Crisp and fuzzy optimization models for sustainable municipal solid waste management

Abstract

Increasing municipal solid waste (MSW) generation in the city has caused a serious problem to the authority, especially for emerging countries. Improper management of MSW will increase greenhouse gas (GHG) emissions. Apart from landfill, there are other options to convert MSW into valuable products or energy, such as recycling and incineration. This paper presents crisp and fuzzy optimization models for designing optimal supply chain networks for sustainable MSW management, considering economic (cost minimization) and environmental objectives (emissions reduction).

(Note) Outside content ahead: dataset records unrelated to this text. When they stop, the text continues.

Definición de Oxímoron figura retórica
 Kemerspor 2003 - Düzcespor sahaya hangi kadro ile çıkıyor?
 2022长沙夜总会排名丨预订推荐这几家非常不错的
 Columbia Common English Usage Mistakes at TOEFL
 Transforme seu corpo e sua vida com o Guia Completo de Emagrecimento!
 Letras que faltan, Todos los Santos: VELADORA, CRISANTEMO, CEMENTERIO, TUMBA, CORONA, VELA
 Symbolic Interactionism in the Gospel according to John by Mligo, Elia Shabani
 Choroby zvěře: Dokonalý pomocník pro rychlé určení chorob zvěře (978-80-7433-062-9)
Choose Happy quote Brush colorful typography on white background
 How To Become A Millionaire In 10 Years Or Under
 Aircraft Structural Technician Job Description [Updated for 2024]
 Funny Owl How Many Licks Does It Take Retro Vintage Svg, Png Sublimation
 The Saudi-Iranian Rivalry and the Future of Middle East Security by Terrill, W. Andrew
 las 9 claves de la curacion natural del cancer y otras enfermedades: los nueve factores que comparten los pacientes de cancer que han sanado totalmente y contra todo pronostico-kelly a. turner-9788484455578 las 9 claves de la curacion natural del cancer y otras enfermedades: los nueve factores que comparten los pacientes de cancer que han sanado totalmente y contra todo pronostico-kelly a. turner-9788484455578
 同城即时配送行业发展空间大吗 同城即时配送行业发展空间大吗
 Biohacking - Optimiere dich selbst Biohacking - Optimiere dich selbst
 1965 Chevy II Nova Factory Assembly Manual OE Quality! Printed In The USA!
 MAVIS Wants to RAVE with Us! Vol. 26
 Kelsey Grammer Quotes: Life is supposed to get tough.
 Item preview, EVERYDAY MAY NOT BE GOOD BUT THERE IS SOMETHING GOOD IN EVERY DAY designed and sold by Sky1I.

The crisp model is based on a superstructure and consists of material balances, capacity limits and planning constraints for MSW transfer stations, disposal sites and treatment technologies. Fuzzy optimization with max-min aggregation is then incorporated to handle conflicting economic and environmental objectives, as well as uncertainties in GHG emission factors and cost coefficients of MSW treatment. A case study for the design of an optimal MSW supply chain network in the city of Qingdao, China is presented to illustrate the proposed approach. The conflicting objectives of minimizing the total net cost and GHG emissions for MSW transport and treatment are analyzed using the crisp model, yielding a set of Pareto optimal solutions. A compromise solution achieving a 21.6% cost reduction and a 28.4% emissions reduction is identified using the fuzzy model. An inferior solution is also found with smaller cost (19.1%) and emissions reductions (25.1%) due to the use of conservative estimates of uncertain cost coefficients and emission factors. These results demonstrate the effectiveness of the proposed models in dealing with the MSW management problem.